'Codecademy Kids' Title / Loading page.  I wanted this app to look like a child's arts & crafts project.  Nearly every visual element looks like it was cut out of paper or cardboard, and drawn, painted, or pasted together.
All assets were created with consideration for the retina display.
This little monkey is Ratchet.  He's a "robot mechanic" and needs help building his robots - so he's going to show us how!
Rather than having students pursue badges, why not have them pursue items that have a story behind them, or at least some context?  Instead of badges, let students earn collectable robots.
Online Codecademy lessons are divided up into Tracks - Weekly Courses - Sections - Subsections.  Each weekly course would be a new robot to build (earn).  Each completed section would be equivalent to helping Ratchet build one part of the robot.  In the above sample, completion of the first section awards the student with the robot's feet and legs; the next section would earn the student the robot's torso and arms, and the following would be the robot's neck and head.
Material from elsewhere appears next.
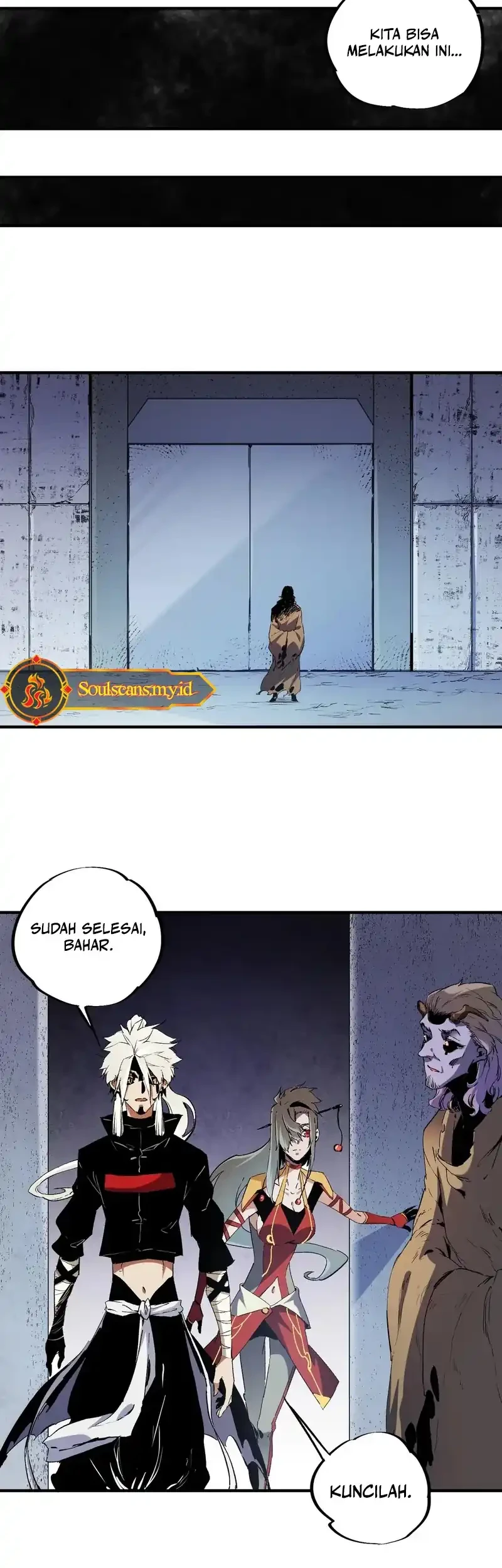 God Killer Bab 85 halaman 10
If some weekly courses have more sections than others, just design a robot that has a corresponding number of parts.  The robot can have multiple heads, arms, legs, or other completely imaginary appendages - they don't have to be anthropomorphic.  
I think having a drag and drop 'template system' would make coding simple for children.  In the previous image, there is a green button in the expanded toolbox that says "variable."  The student only has to drag and drop this "variable key" into the notepad.  Once the key is dropped - or "pasted" - it becomes a basic template for a variable that the student can customize.
Also here, the hint button (the question mark) has been selected, and Ratchet is giving the student a little help.
In order to create more complex lines of code, the student can drop a new key within a template that has already been created.  The paper texture expands to encapsulate all code contained between brackets.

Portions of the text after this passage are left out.